Introduction - Linux Kernel Crash Dump
The Linux Kernel Crash Dump (LKCD) project is designed to meet the needs
of customers and system administrators wanting a reliable method of
detecting, saving and examining system crashes. While more mature
operating systems have provided these capabilities by default for years,
Linux has yet to evolve to such a state. LKCD is an attempt to move
Linux towards greater supportability.
Kernel Crash Dump Requires Four Components:
- Kernel Support:
Kernel code for configuring dump parameters, catching error
conditions, and executing a kernel memory dump. Kernel.org
kernels need to be patched with the LKCD dump modules.
- Dump Configuration:
Facilities for integrating system crash dump capabilities into
the operating system. These facilities are in the form of
user-level applications to configure and enable crash dumps
and various system scripts necessary for incorporating LKCD into
the operating system.
- Dump Recovery:
User-level commands to retrieve a dump saved by the kernel and
transfer it to a user accessible location.
- Dump Analysis:
A debugger that can operate on the saved dump
image.

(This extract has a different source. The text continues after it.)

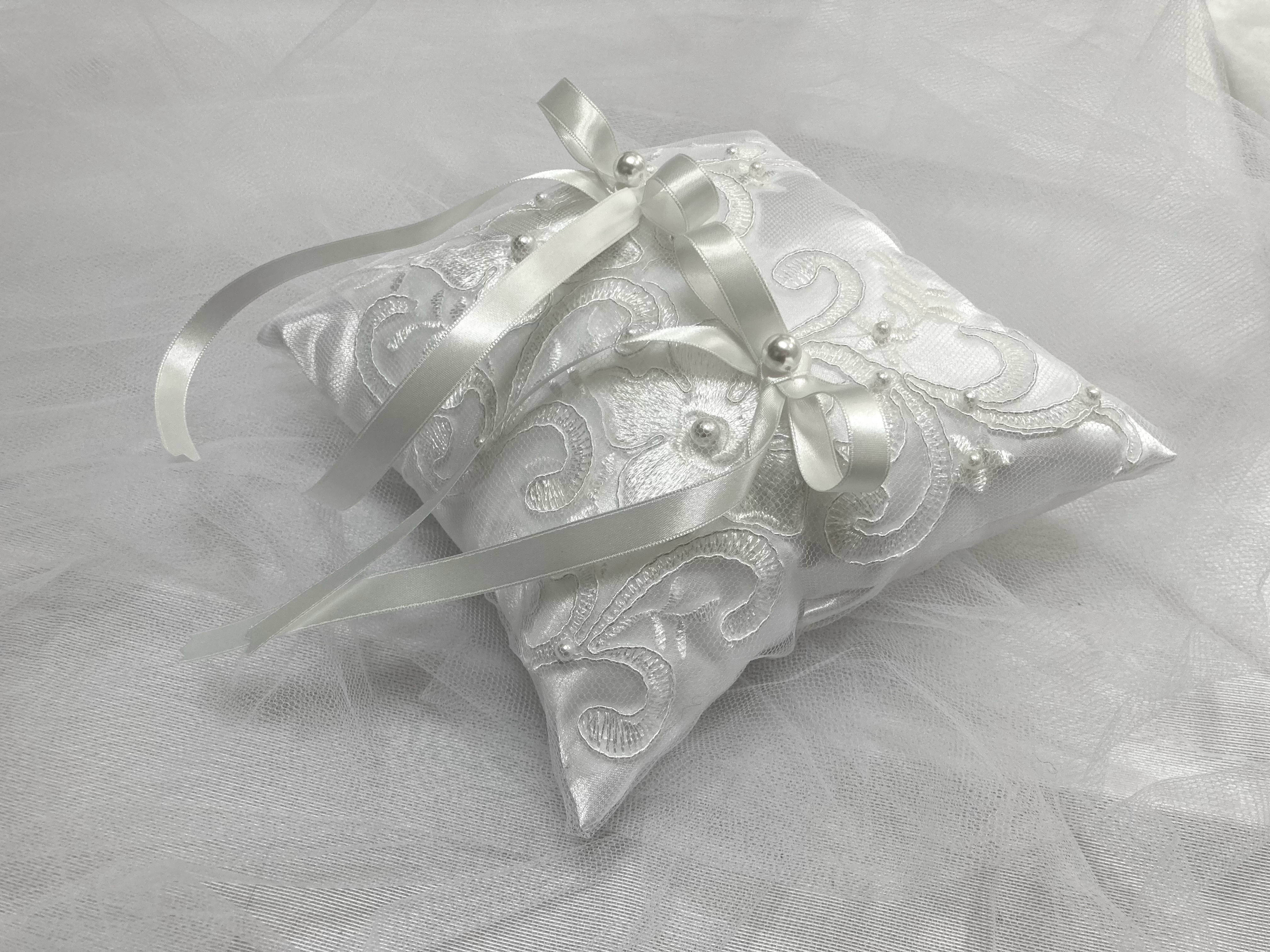 ＊特別感のある手作りキット＊ウエディングドレス用のパールのレース/チュールのリングピロー/イニシャル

The lkcdutils package provides the lcrash command for
dump analysis.
LKCD provides the all of the components (kernel and user level code)
designed to:
- Save the kernel memory image when the system dies due to a
software failure;
- Recover the kernel memory image when the system is rebooted;
- Analyze the memory image to determine what happened when the
failure occurred.
The memory image is stored into a dump device, which is represented
by one of the disk partitions on the system. That dump is recovered
with an application called lcrash (Linux Crash) once the system
boots back up, before the swap partitions are mounted. A report is
generated and saved into /var/log/dump.